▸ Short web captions
*** Block opens ***
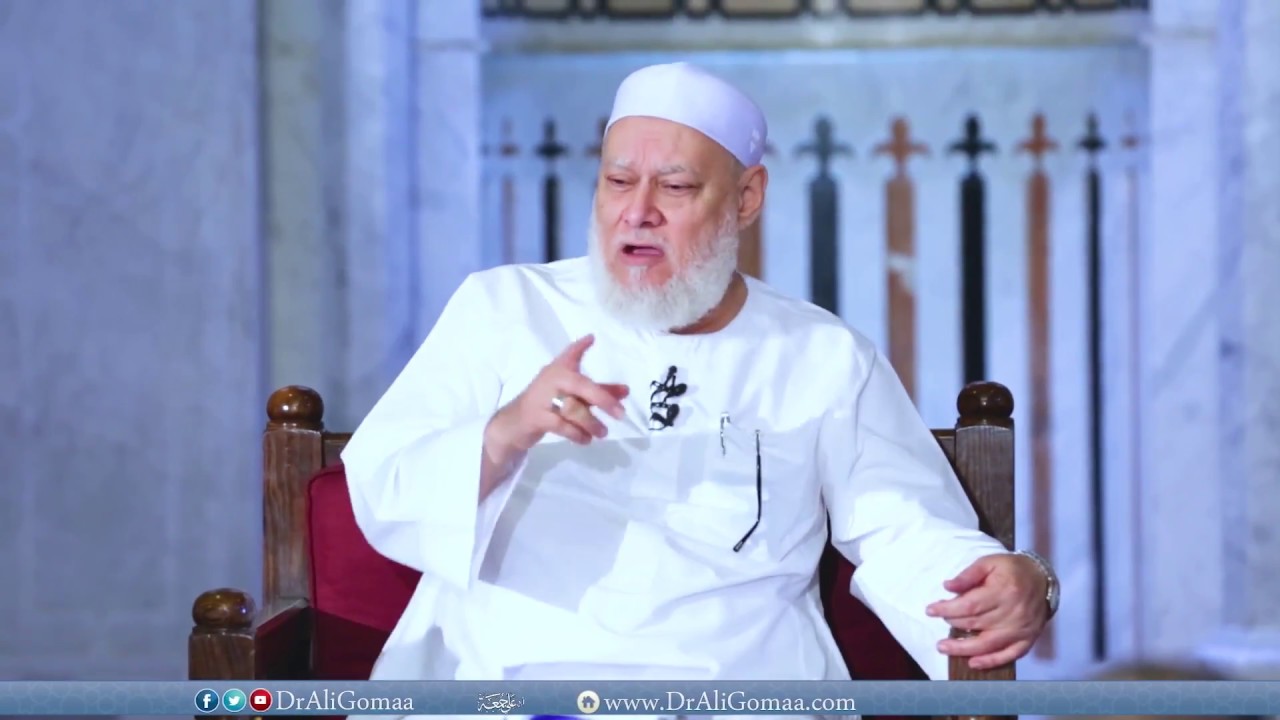 هل يجوز أن نسود النبي في الصلاة والأذان | أ.د على جمعة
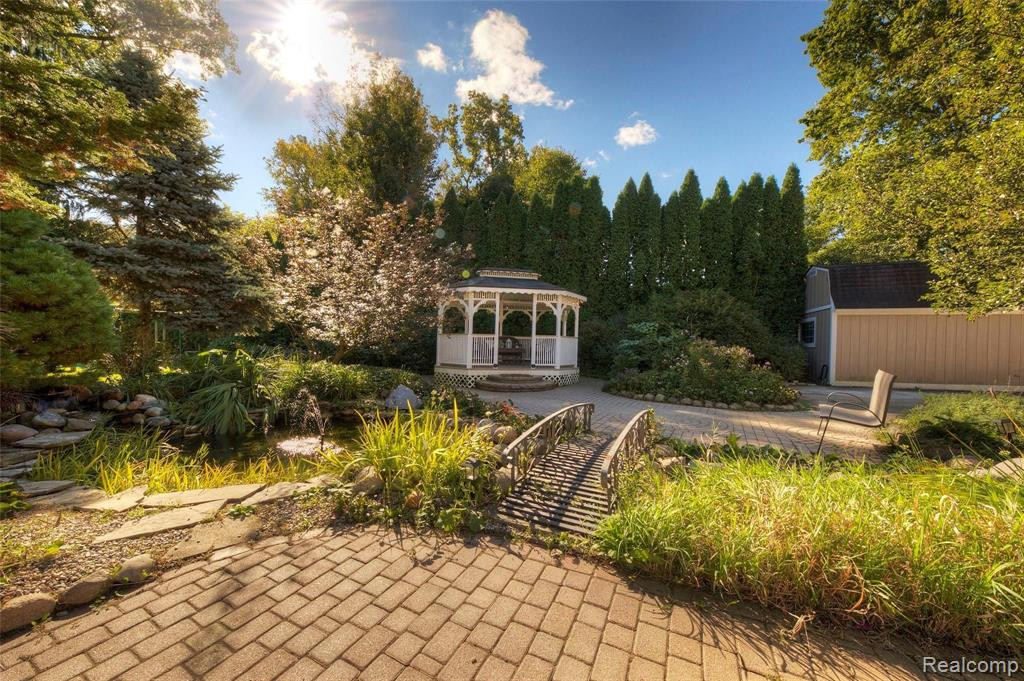 7312 BIRCKLAN Drive, Canton, MI 48187 — Photo 3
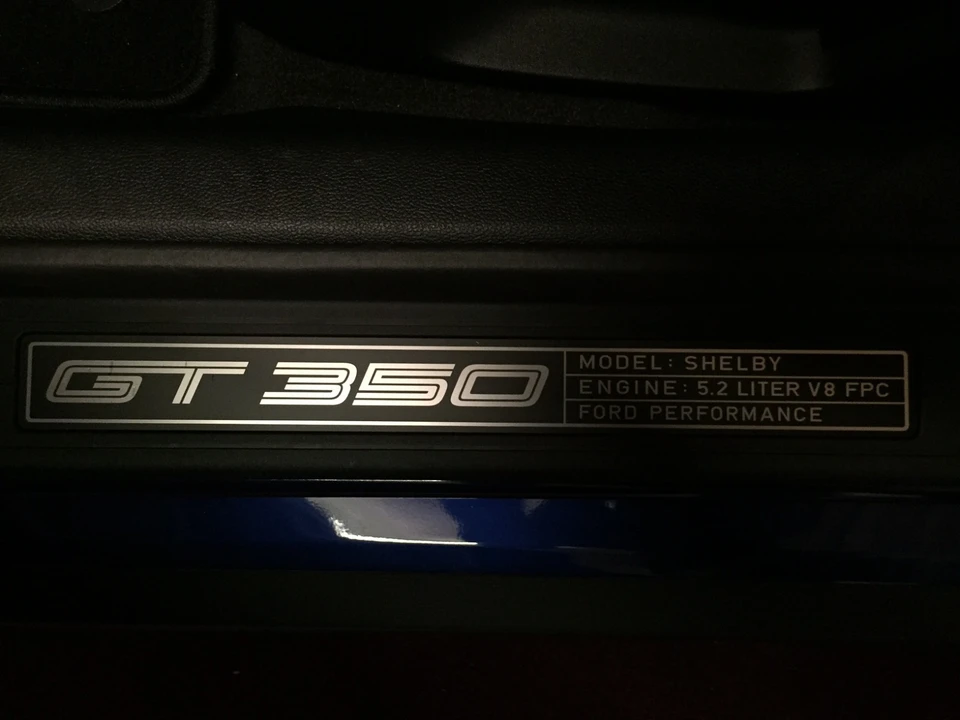 2016 Ford S550 Mustang - Image 12 of 18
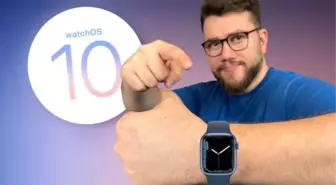 watchOS 10 ile Yenilikler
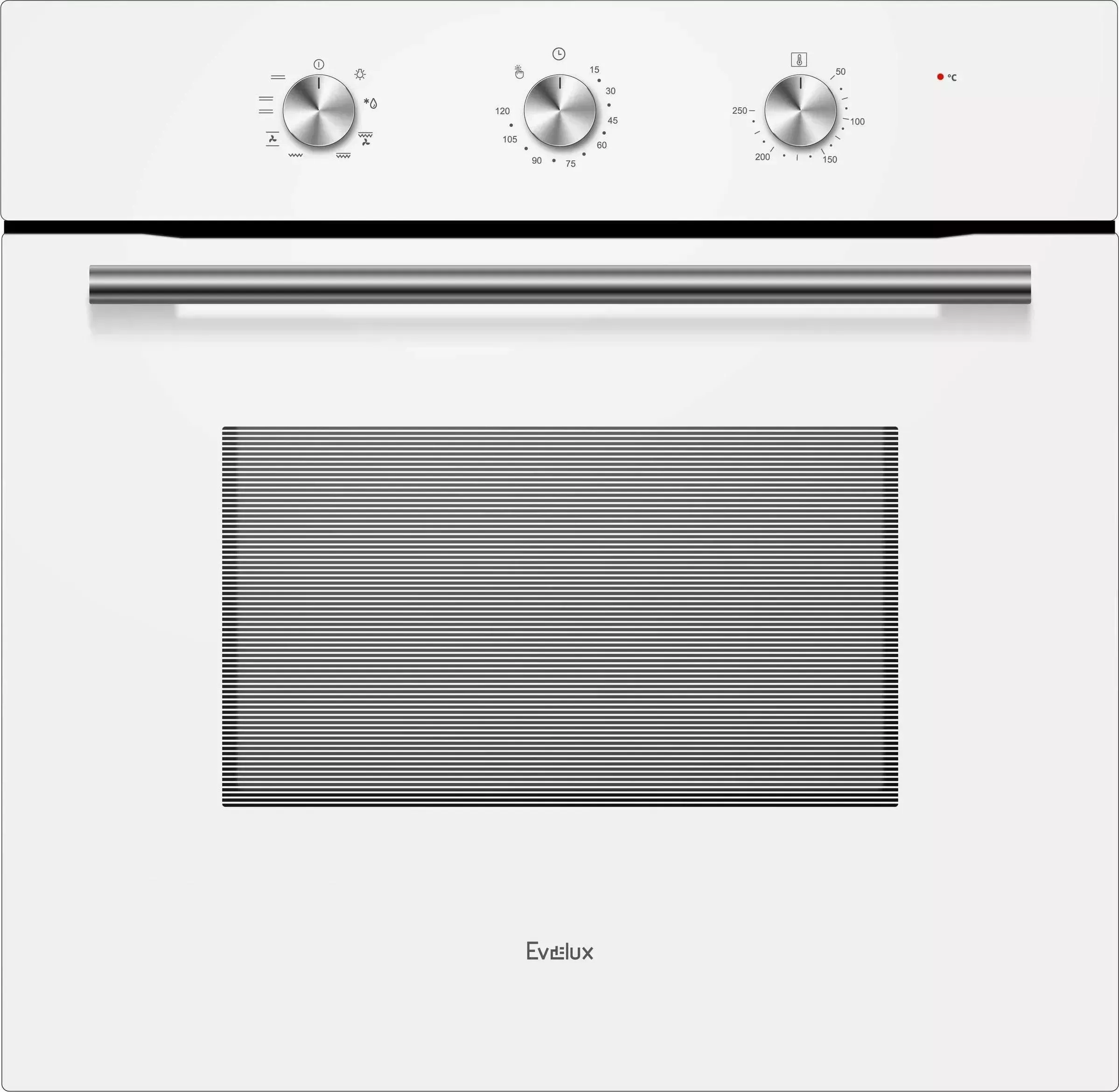 Электрический духовой шкаф Evelux EO 620 W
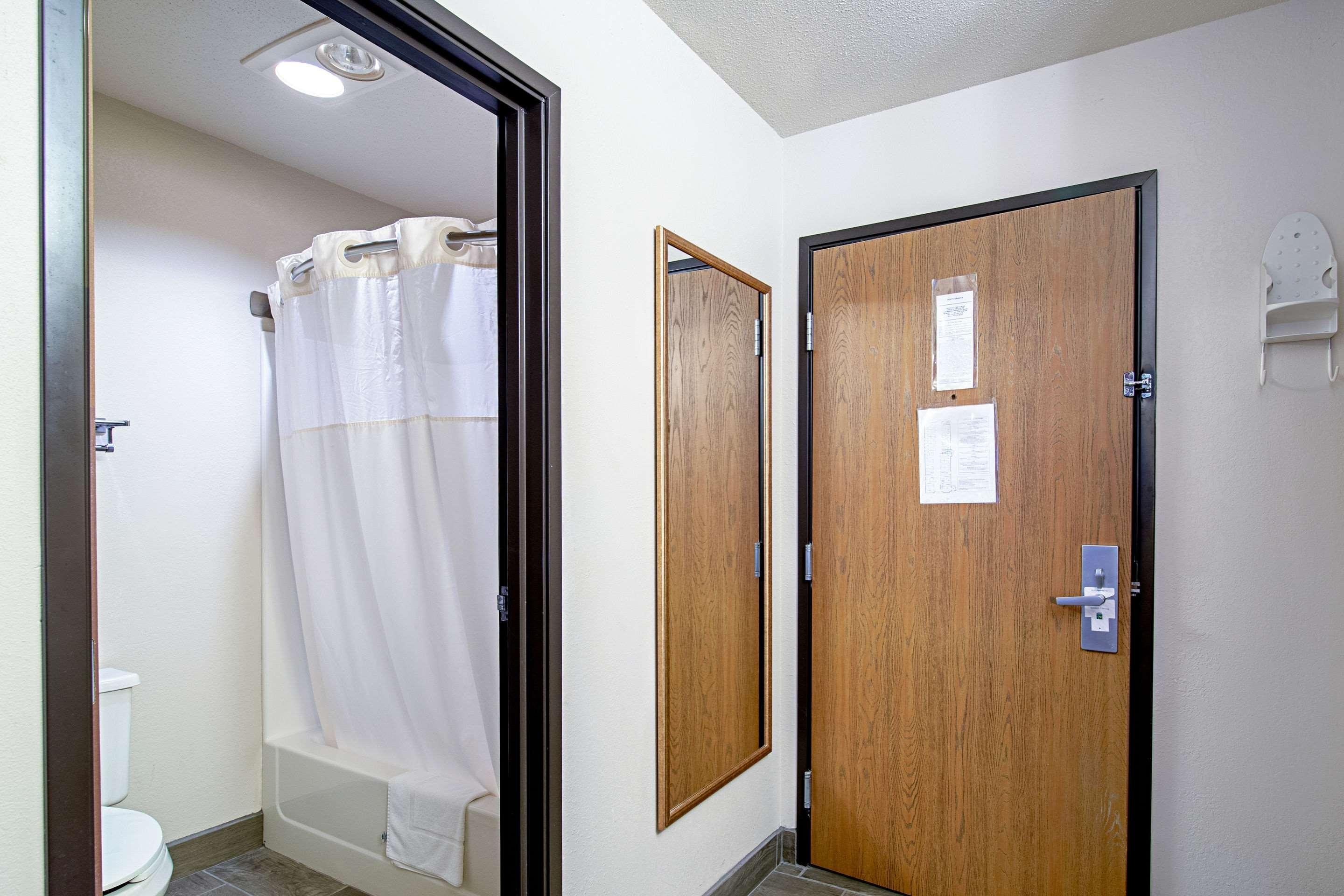Quality Inn Huron Luaran gambar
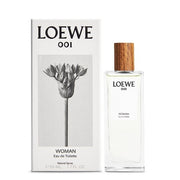 Loewe 001 Woman Eau De Toilette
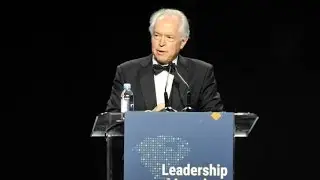 Dialogue Leaders: Mack McLarty & Bernard Aronson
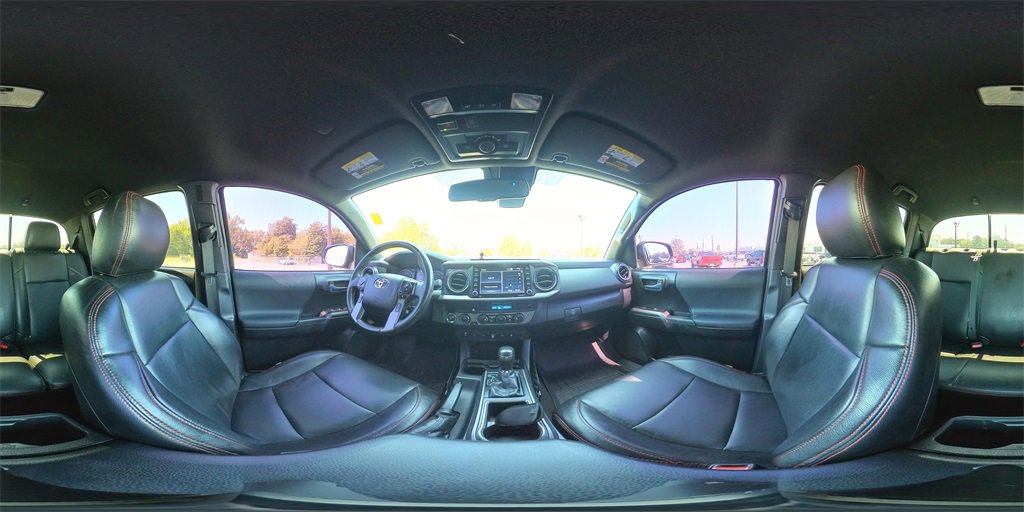 2021 Toyota Tacoma SR5 4x4 Long Bed photo 31
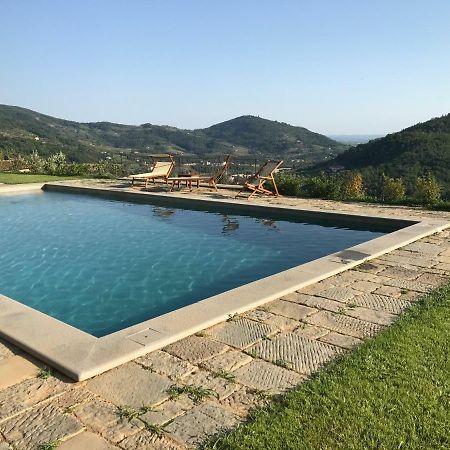 Podere La Fausta Serravalle Pistoiese Exterior foto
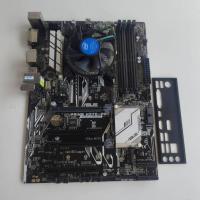 ราคา CPU + M/B Core i5 7400 3.00GHz + ASUS PRIME H270 – PRO (1151) ประกัน 2 เดือน (54606877248)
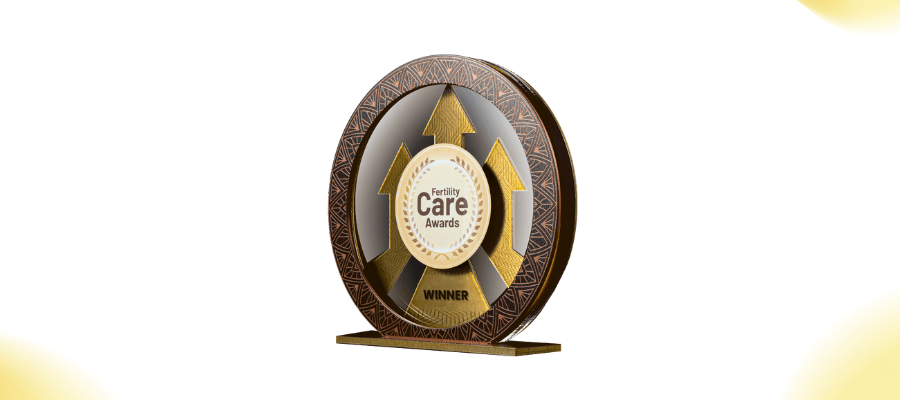 PRONATAL Celebrates Four Honors at the Fertility Care Awards 2026
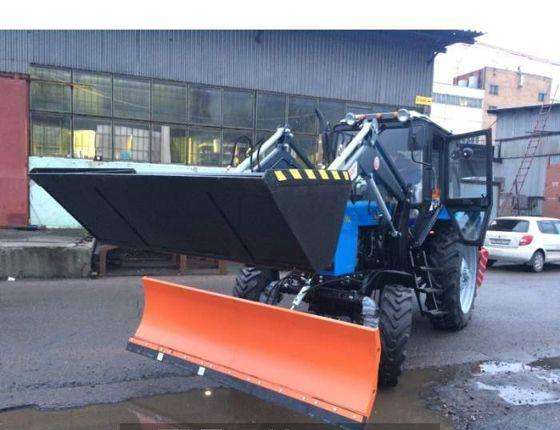 Беларус мтз 82 “Универсал”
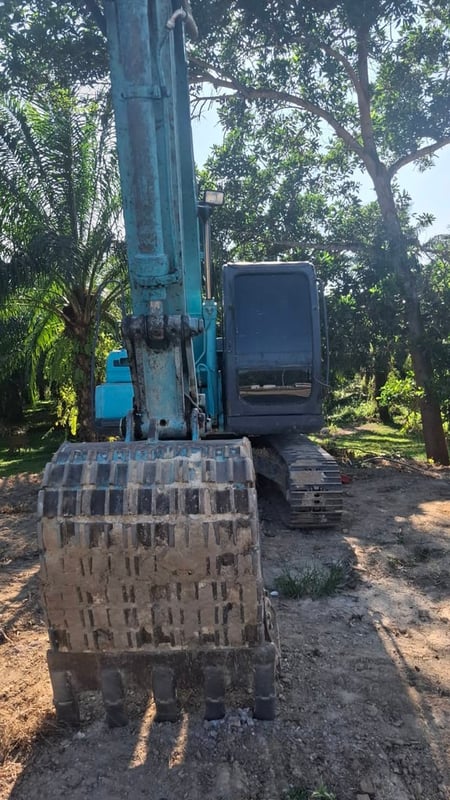 KOBELCO SK140LC-8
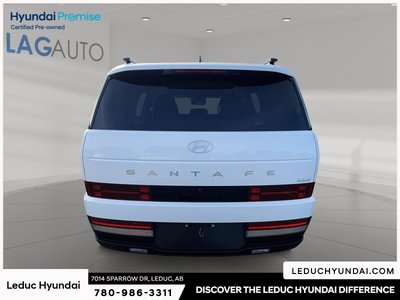 2026 Hyundai Santa Fe Hybrid Preferred — photo 4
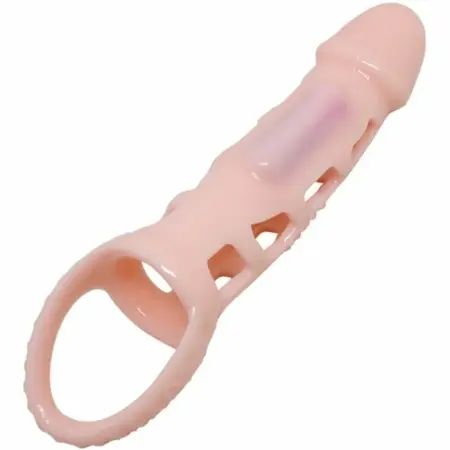 Pretty Love Harrison Extension Sleeve with Vibration & Adjustable Strap 13.5 cm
*** Block closes ***
▸ Your goal
Copy only what lies between the line with "Loewe 001 Woman Eau De Toilette" and the line with "KOBELCO SK140LC-8", those two lines included, exactly as given above; pictures stay out.

▸ Exercise result
 Loewe 001 Woman Eau De Toilette
 Dialogue Leaders: Mack McLarty & Bernard Aronson
 2021 Toyota Tacoma SR5 4x4 Long Bed photo 31
 Podere La Fausta Serravalle Pistoiese Exterior foto
 ราคา CPU + M/B Core i5 7400 3.00GHz + ASUS PRIME H270 – PRO (1151) ประกัน 2 เดือน (54606877248)
 PRONATAL Celebrates Four Honors at the Fertility Care Awards 2026
 Беларус мтз 82 “Универсал”
 KOBELCO SK140LC-8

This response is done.